RDMA over Converged Ethernet - RoCEv2 on Cisco Nexus 9300 • AboutNetworks.net

On a previous post, I made an introduction about NVMe, NVMe-oF and RDMA for network engineers. In this post, I’m going to talk about RDMA over Converged Ethernet (RoCE) and more specifically how to implement and configure the QoS part of RoCEv2 on the Cisco Nexus 9300 series.

What is RoCE?

RDMA over Converged Ethernet (RoCE – pronounced “Rocky”) is a network protocol that allows Remote Direct Memory Access (RDMA) over an Ethernet network. It does this by an encapsulation of an InfiniBand transport packet over Ethernet.
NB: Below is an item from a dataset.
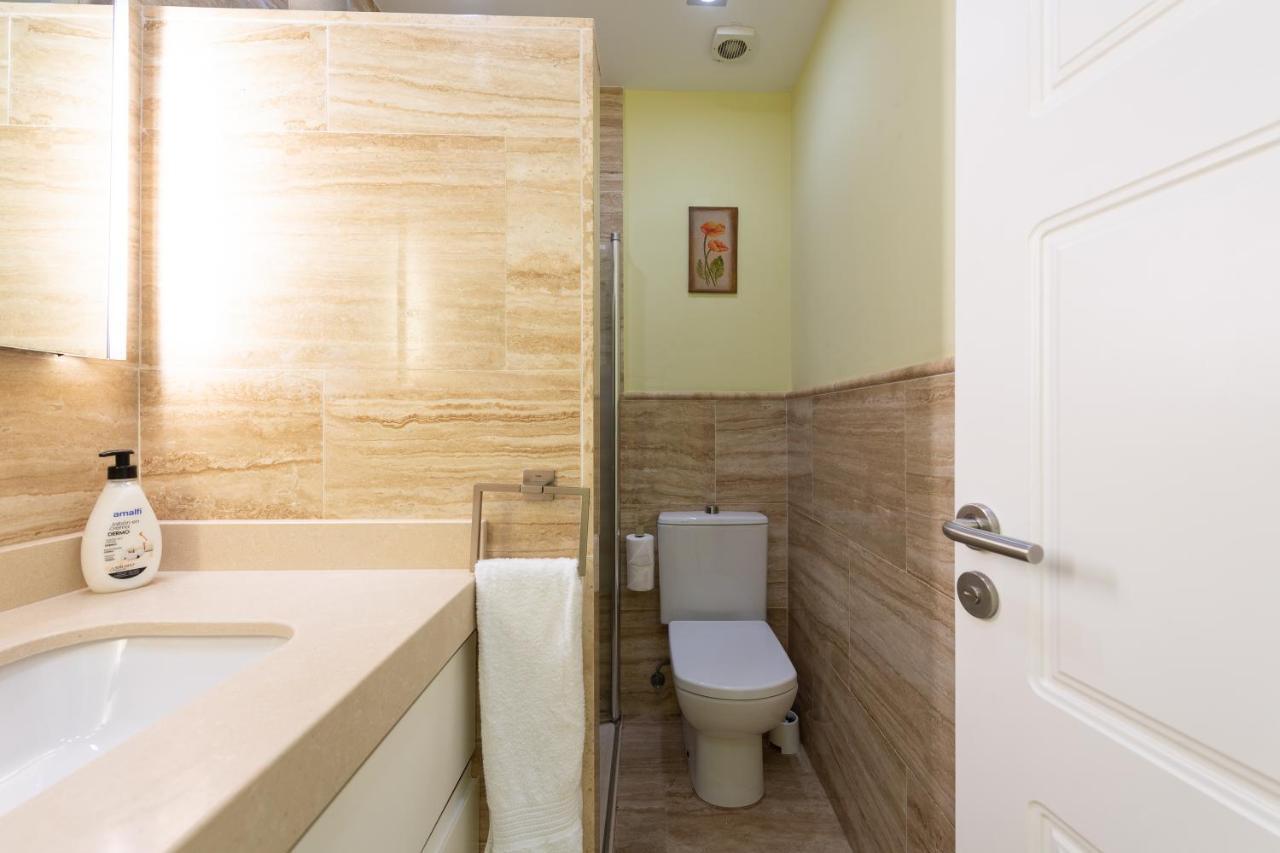 Appartamento Beachfront Las Canteras - Sea Views Terrace *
There are two different RoCE versions:

RoCEv1 – Ethernet link layer protocol (Ethertype 0x8915) that allows communication between any two hosts in the same Ethernet broadcast domain. So, layer-2 only, not routable.
RoCEv2 – Enhances RoCEv1 with a UDP/IP (IPv4 or IPv6) header and so adds layer-3 routability. RoCEv2 is also known as Routable RoCE.

If you want to know more about RDMA, you can find here an introduction to NVMe, NVMe-oF and RDMA.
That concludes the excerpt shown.